At work, there's a girl (we'll call her K) that runs the department next to mine. I get along well enough with K. In the past, we've had our differences, but now that we're working alongside each other much of the time, we've been getting to know each other a lot better, and
we're slowly developing a friendship. K's best friend just moved across the country, and her other best friend lives a couple hours away, and is married with a kid, so K doesn't get to see her much either. I can tell she's feeling a little lonely, and I'm more than happy to cheer her up. This past week, K worked the overnight shift with me, so we spent 40 hours, pretty much side by side. We've had a lot of conversations and
goofy moments, and the friendship that had been building seems to be growing even more. This is great news for me too, as I don't have many friends here, and I feel kind of isolated, especially living on the very edge of the suburbs, because I don't get back "into town" very often, so to have someone to talk to is great.
K and I have one big difference though.
She's a very outspoken atheist, and I'm obviously not. She is probably the single most respectful atheist I have ever met though. We are able to see past that glaring difference and respect each other's beliefs. We are even comfortable enough with it that we are able to have a few jokes about it.

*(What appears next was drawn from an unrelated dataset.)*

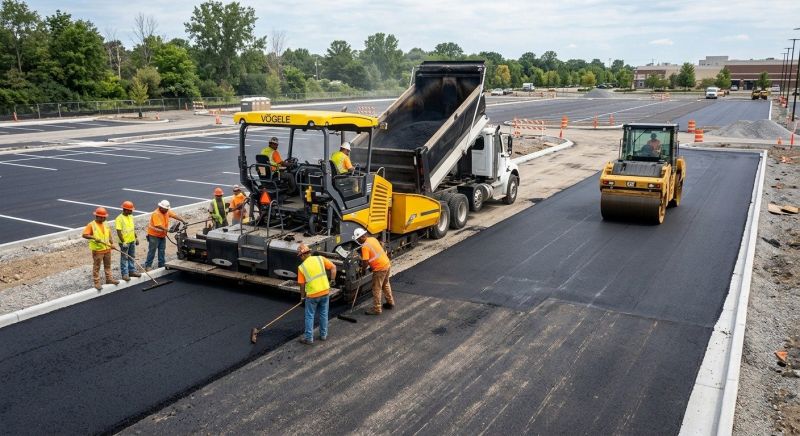 Asphalt Parking Lot Paving in Temecula, CA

One day, K sneezed, and I looked at her and said, "Well, usually this is where I say
'God bless you!', but....I'm just not sure what to do here!" We both laughed, and it spurred a discussion on what to say when an atheist sneezes (She'd frequently heard "Take care" as an appropriate response). It's become a bit of an ongoing joke with us.
In the time we've known each other, I've never known her to say anything mean or offensive about my faith, which seems to be rare for the atheists that I've met. And because she shows me that respect, I return that respect by not overtly witnessing to her. I believe that I've shown her through my actions how my faith affects me, which I think is part of why she does show me that respect.

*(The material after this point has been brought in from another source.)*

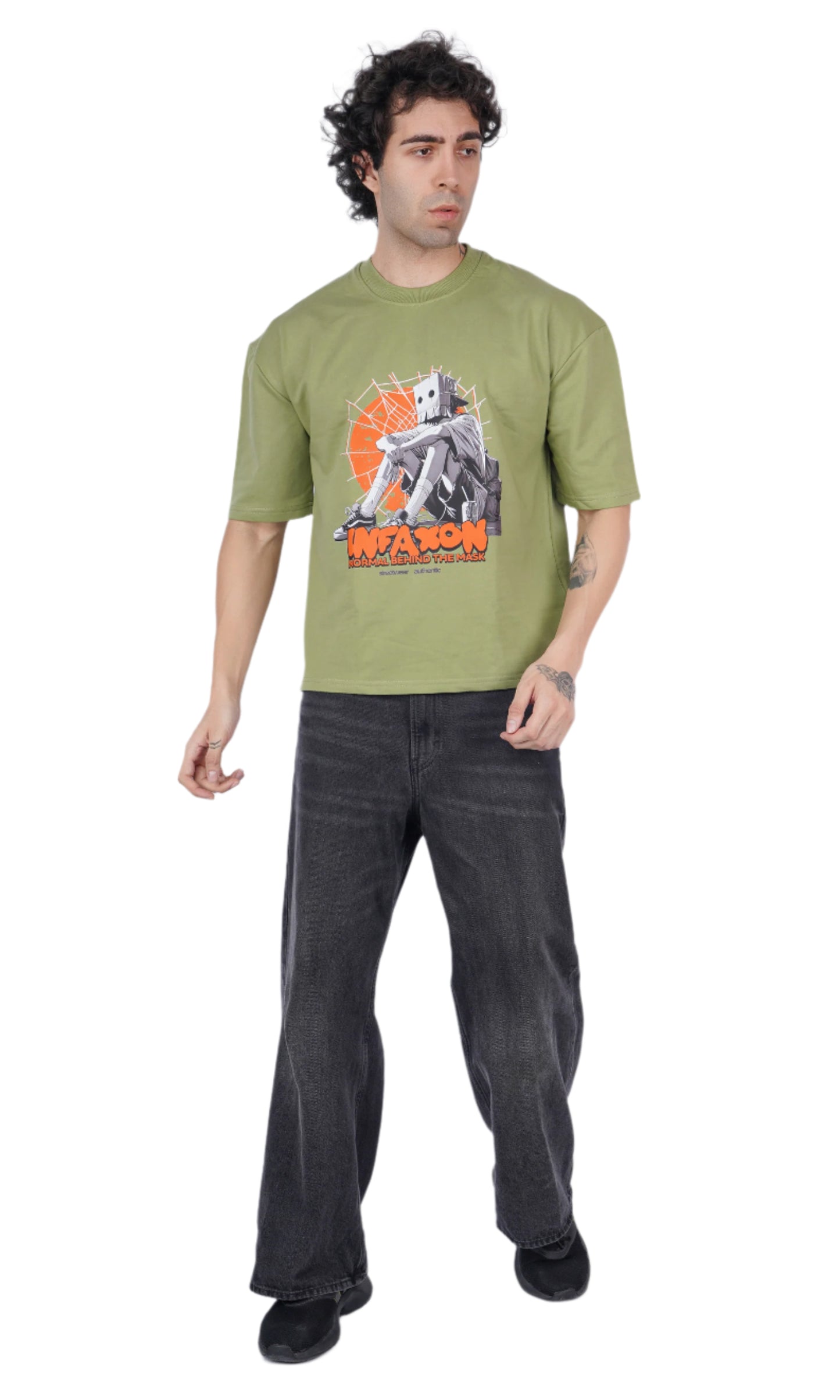 Mask Light Green Oversize T-shirt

I think a lot of the time, we as Christians spend a lot of time sheltering ourselves and saying that we can't be friends with non-believers. And I also think that when we do that, we miss out on not only the chance to show others the Christian faith, but
we miss out on some really great friendships too. K and I will never be "best" friends, but I am really happy to be able to call her my friend.
How do you feel about being friends with non-believers? How "diverse" is your group of friends?